Cant see how anybody could disagree surely?


----------



## chris661 (May 31, 2012)

Birchy said:



			If any player in the group continues timing while letting a group through and then calls time just after you start searching again then he is bang out of order and i would tell him as well. Your allowed 5 mins searching time and as far as im concerned that only applies to the time you are actually searching for the ball.
		
Click to expand...

You are allowed 5 minutes from when the player starts searching, from reading the replies so far it would seem that there is no scope to stop the search to let someone through so unfortunately it is tough.


----------



## bladeplayer (May 31, 2012)

bobmac said:



			Are we even agreed that common sense would say the 5 minute clock SHOULD stop when the players stopped looking and started again when the search resumed ?
		
Click to expand...




Birchy said:



			Cant see how anybody could disagree surely?
		
Click to expand...

I agree with you in principal Bob/ Birchy but are you saying players should KNOWINGLY be allowed bend the rules ..


----------



## Birchy (May 31, 2012)

If people are going to try and screw me on a technicality like that rather than winning playing golf then i wouldnt let the group behind play through. If ive only got 5 minutes then balls to anybody else!


----------



## chris661 (May 31, 2012)

Birchy said:



			If people are going to try and screw me on a technicality like that rather than winning playing golf then i wouldnt let the group behind play through. If ive only got 5 minutes then balls to anybody else!
		
Click to expand...

Ahh, but all the rules of golf are mere technicalities. So which other ones would you ignore then?


----------



## chrisd (May 31, 2012)

Birchy said:



			If people are going to try and screw me on a technicality like that rather than winning playing golf then i wouldnt let the group behind play through.
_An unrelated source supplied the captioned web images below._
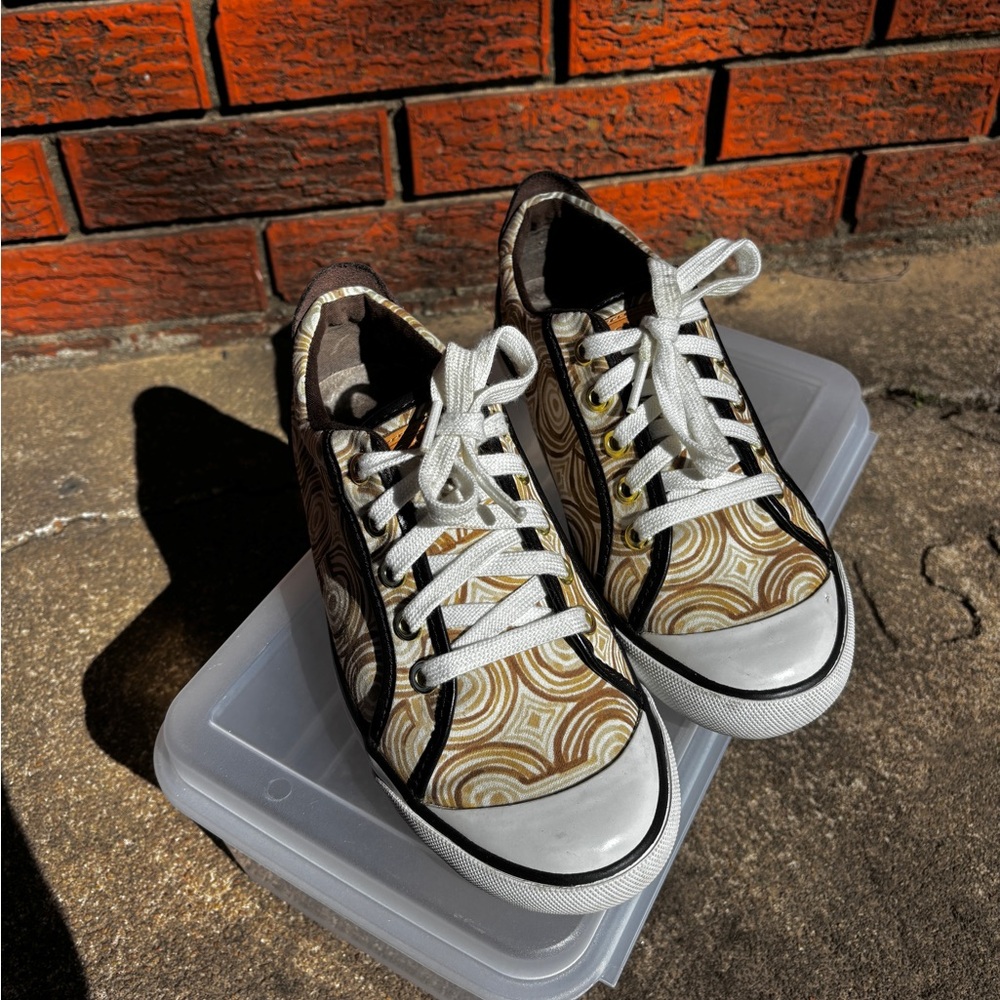 Coach Women's Sneakers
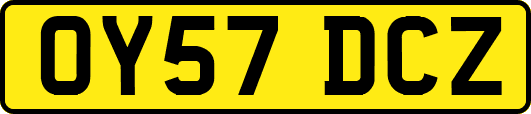 OY57DCZ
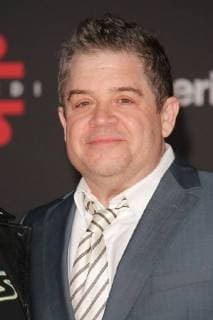 Patton Oswalt at the World Premiere of Lucasfilm s Star Wars: The Last Jedi held at the Shrine Auditorium in Los Angeles, CA, December 9, 2017.  Copyright: xJosephxMartinezx 33492_075JM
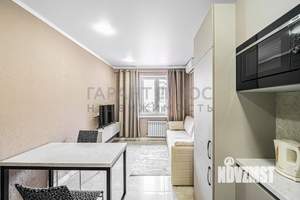 2-к квартира, на длительный срок, 40м2, 2/17 этаж
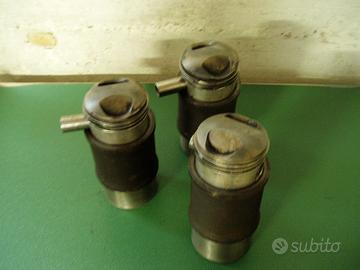 ricambi meccanica Alfa Romeo Giulietta 1960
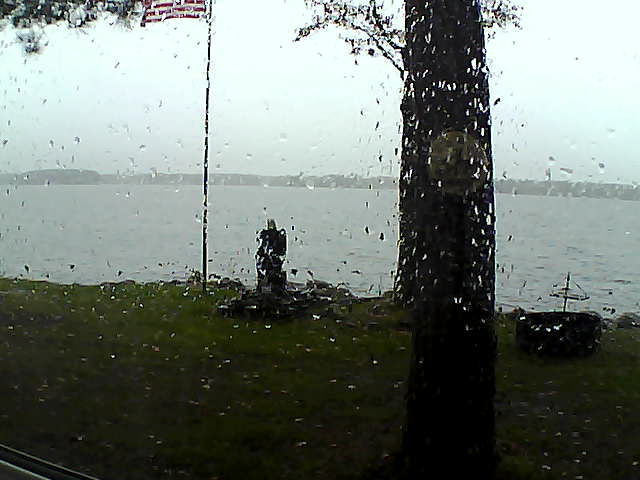 Whiteface Cam Image - Mon, 10/08/2018 4:58pm 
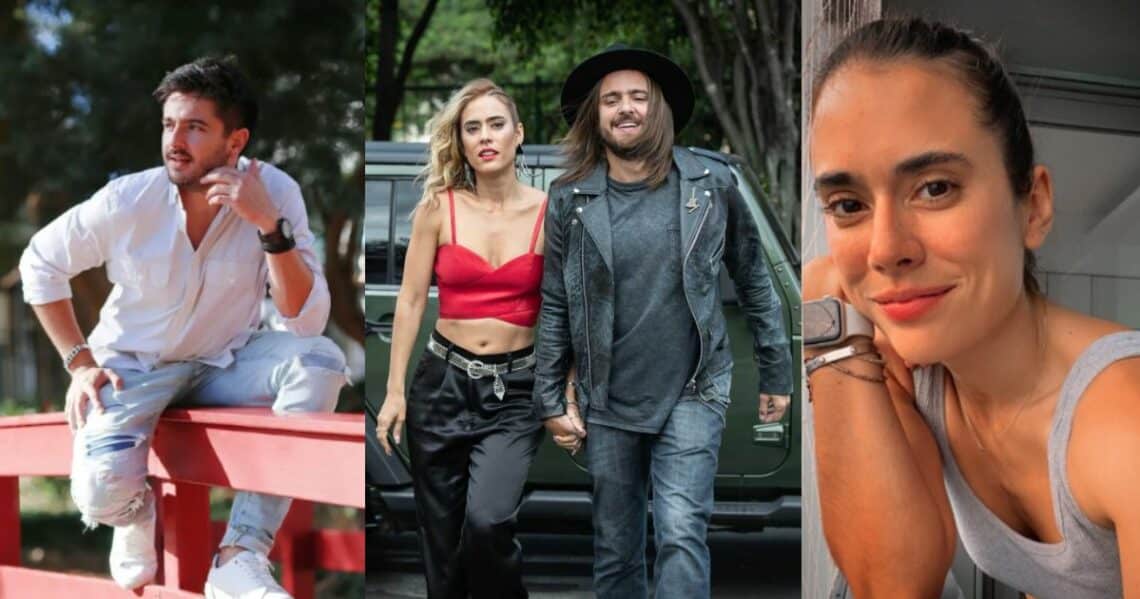 Lo que cobran los actores de 'La Reina del Flow' por un saludo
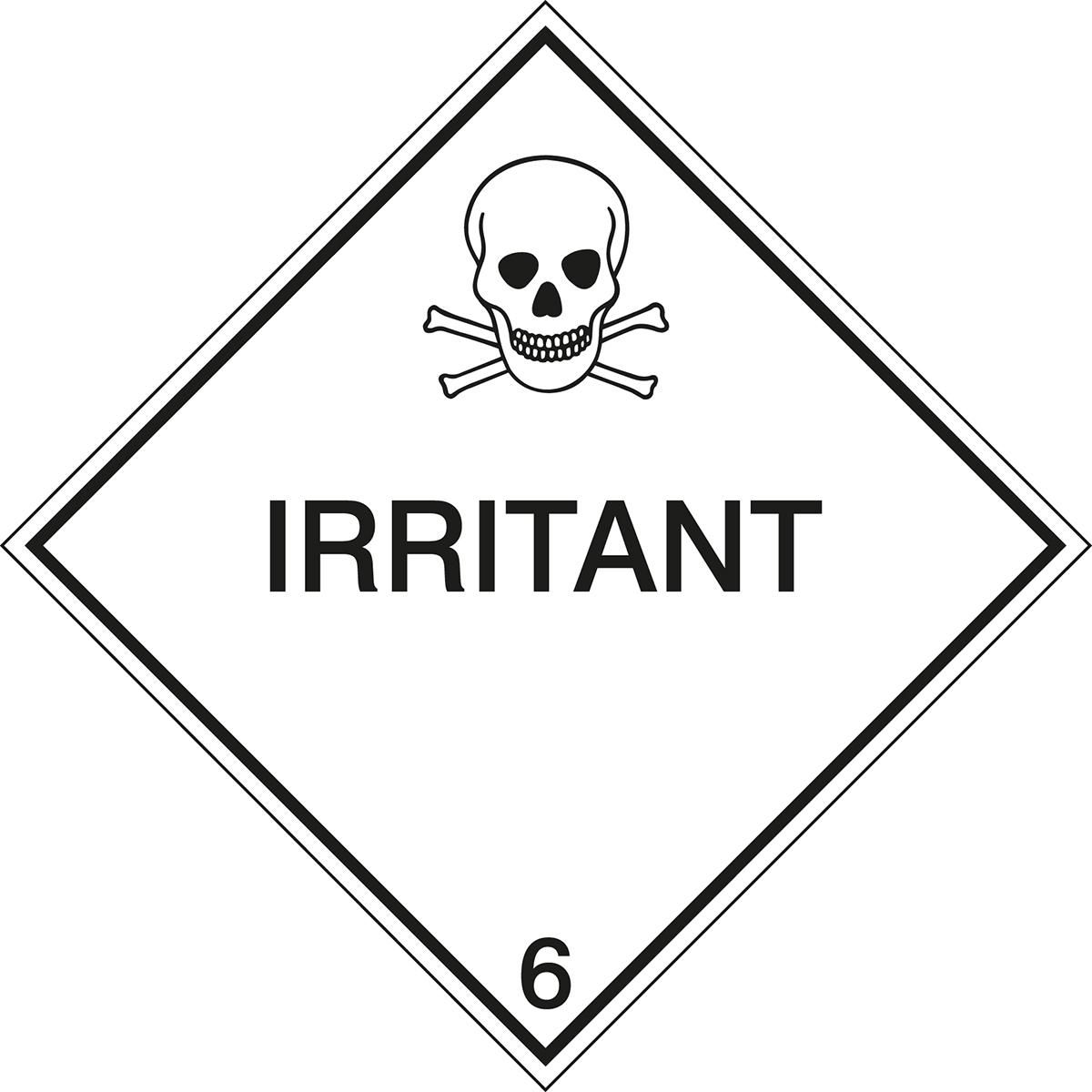 Maritime Transport Sign - 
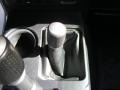 Titanium Metallic - FJ Cruiser 4WD Photo No. 44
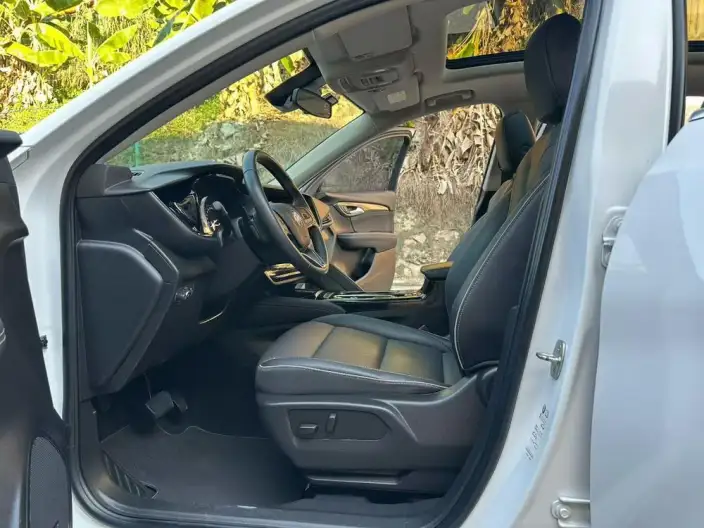 Buick Envision S 2022 Model 552T 2WD Luxury Model – фото 8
If ive only got 5 minutes then balls to anybody else!
		
Click to expand...


But then, what other rules of the game would you bend/break if you didn't like them?


----------



## Colin L (May 31, 2012)

@ Bobmac
 I perhaps should have said that play has not been _discontinued_ while you search for a ball rather than play has not _stopped_ since that is the word used in Rule 6-8  where there is a short list of the situations in which players are allowed to discontinue play.  It does not include discontinuing play while allowing another game to play through.

@JustOne
There's nothing said to modify the Definition of a lost ball that would allow you to stop the search time while going for a club, going for cheese sarny, going for a pee..... or letting another game through.

I think this is just one of these situations where a course of action seems sensible and fair yet is not available to us within the Rules.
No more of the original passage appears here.